Weird Owl are a psychedelic rock band from Brooklyn, New York City formed in 2004. Their first recording, Nuclear Psychology, was released in 2007. Their debut studio album, Ever the Silver Cord Be Loosed, was released in 2009 by Tee Pee Records. Their second album, Build Your Beast a Fire, was released in 2011, and received generally positive reviews. Their mini-LP Healing was released in 2013, followed by the album Interstellar Skeletal in 2015.
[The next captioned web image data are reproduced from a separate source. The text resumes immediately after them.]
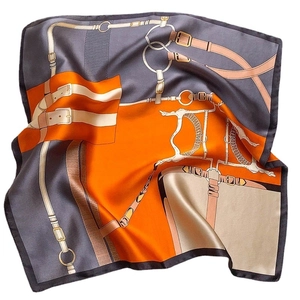 Luxurious mulberry silk scarf with classic equestrian pattern in orange and navy blue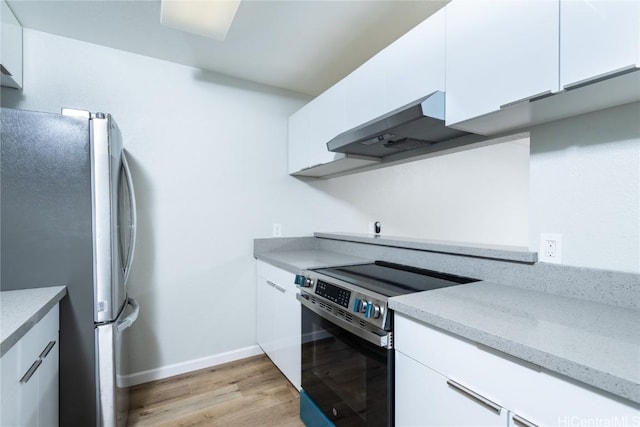 kitchen with wall chimney range hood, stainless steel appliances, white cabinetry, and light hardwood / wood-style flooring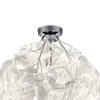 Close-up view of a white leaf-shaped ceiling light fixture. Anteprima dell’immagine prodotto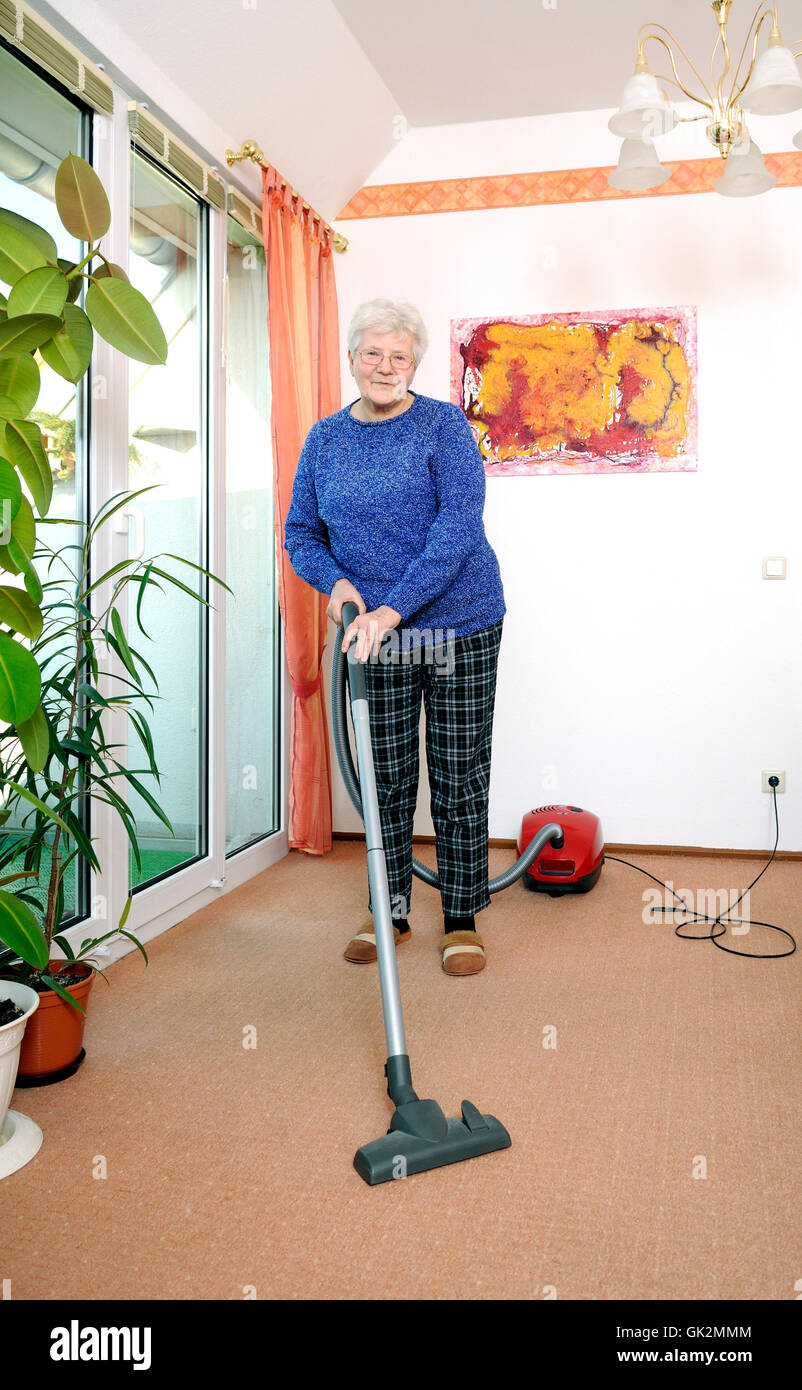 senior with vacuum cleaner Stock Photo Alamy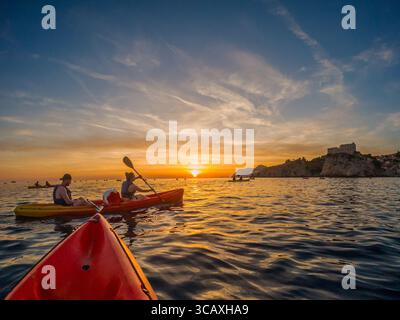 Dubrovnik, Kroatien - 12. September 2023: Kajakfahrer genießen eine Tour bei Sonnenuntergang in der Nähe der Stadtmauern. Stockfoto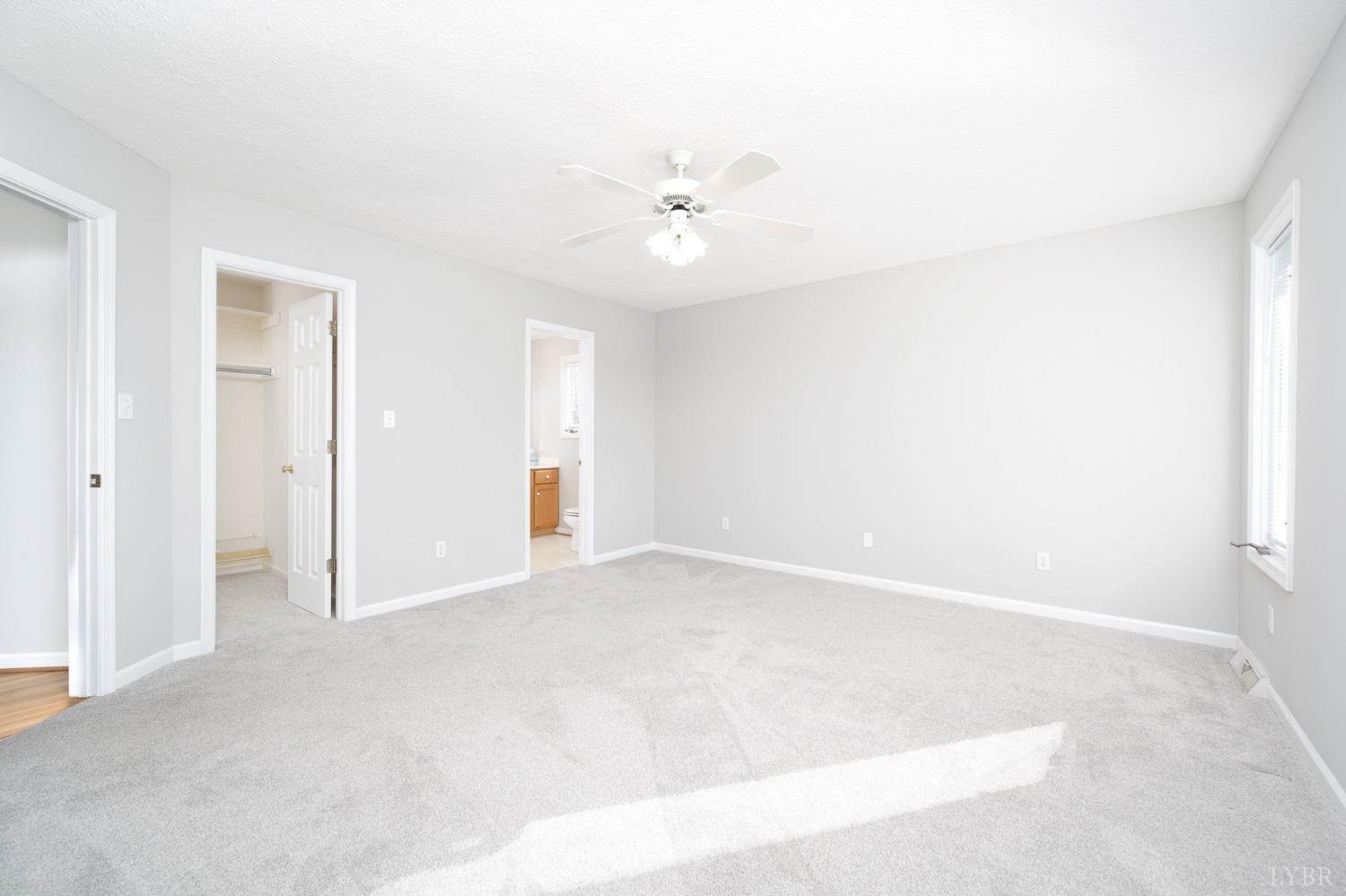 2629 Everett Road Forest, VA 24551 - Photo 27 of 47 an empty room with a ceiling fan and a window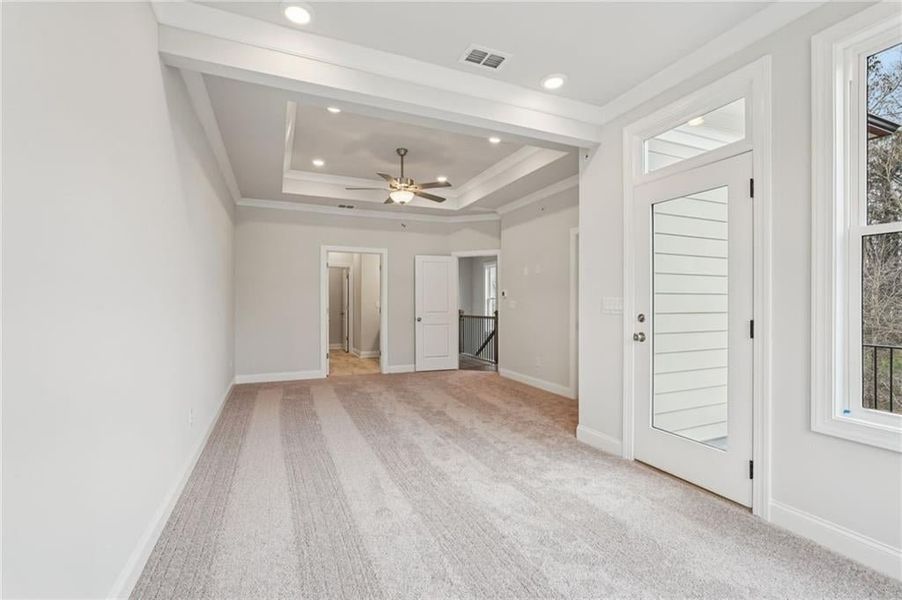 Empty room featuring light carpet, a raised ceiling, a ceiling fan, ornamental molding, and recessed lighting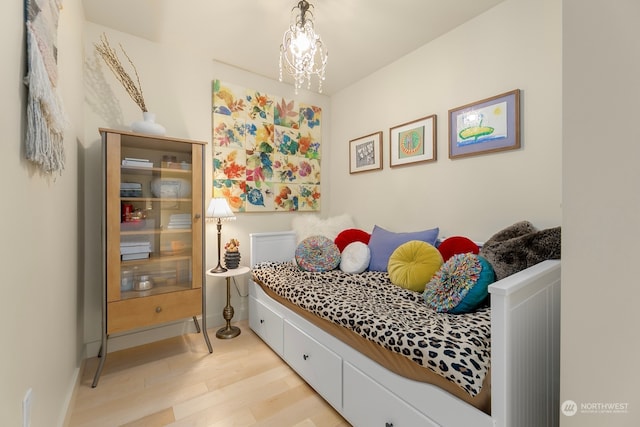 bedroom with a notable chandelier and light hardwood / wood-style floors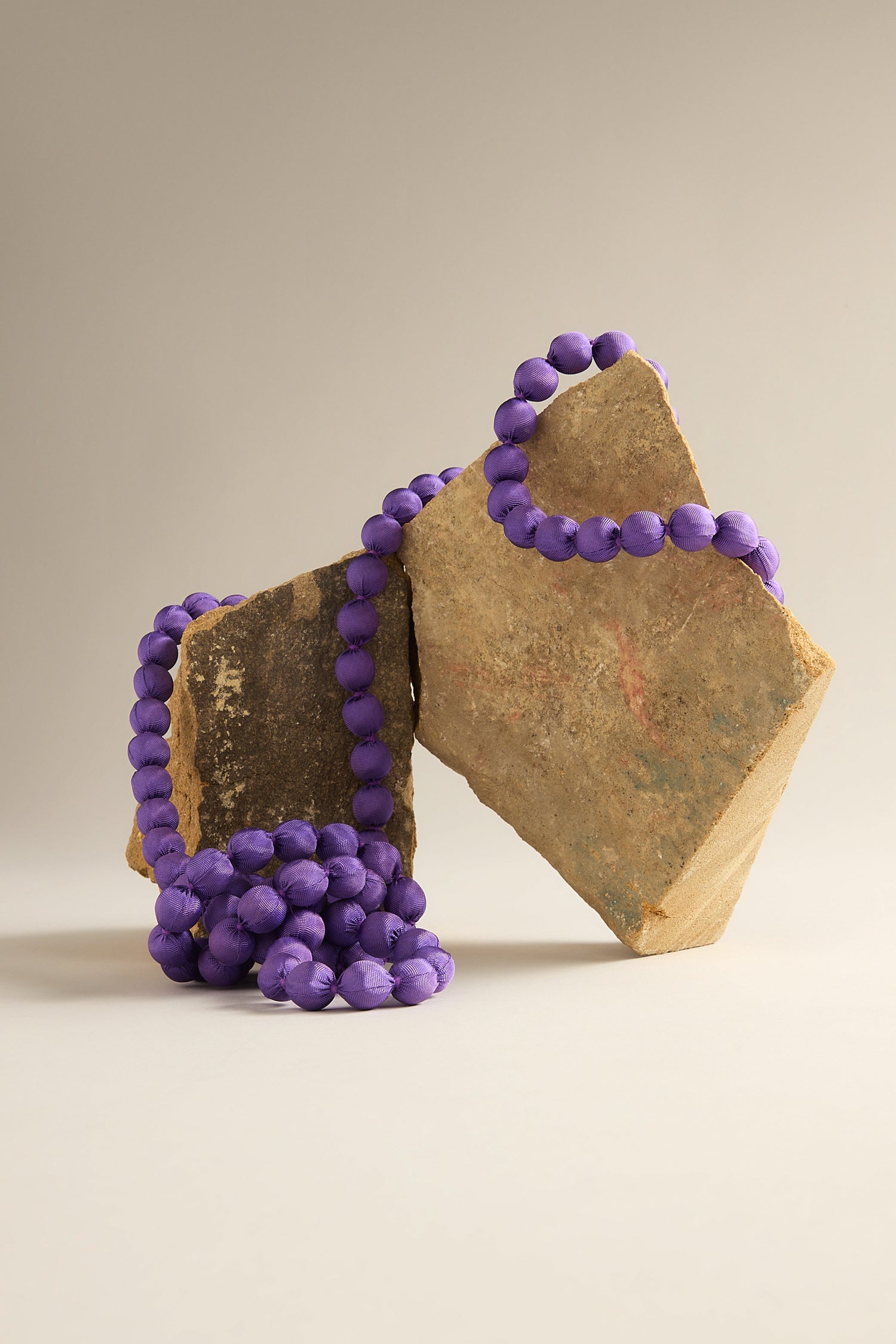 A Handmade Long Silk Spheres Necklace, featuring artisanal craftsmanship with purple beads, drapes elegantly over two uniquely shaped rocks against a neutral background.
The band's music has been compared to that of Deep Purple, Hawkwind, Neil Young, Pink Floyd, and Spirit. Weird Owl's discography, alongside being labeled as psychedelic rock, has also been categorized as stoner rock and space rock.

Members
 Trevor Tyrrell – guitar, lead vocals
 Jon Rudd – guitar
 Sean Reynolds – drums
 Kenneth Cook – bass guitar, keyboards, synths, back-up vocals
 John Cassidy – keyboards, synths

Discography
Studio albums
 Ever the Silver Cord Be Loosed (2009)
 Build Your Beast a Fire (2011)
 Healing (2013)
 Interstellar Skeletal (2015)
 Bubblegum Brainwaves (2017)
 Wet Telepathy (2019)

EPs
 Nuclear Psychology (2007)

References

External links
 Weird Owl at AllMusic

Musical groups established in 2004
Musical quintets
Psychedelic rock music groups from New York (state)
Rock music groups from New York (state)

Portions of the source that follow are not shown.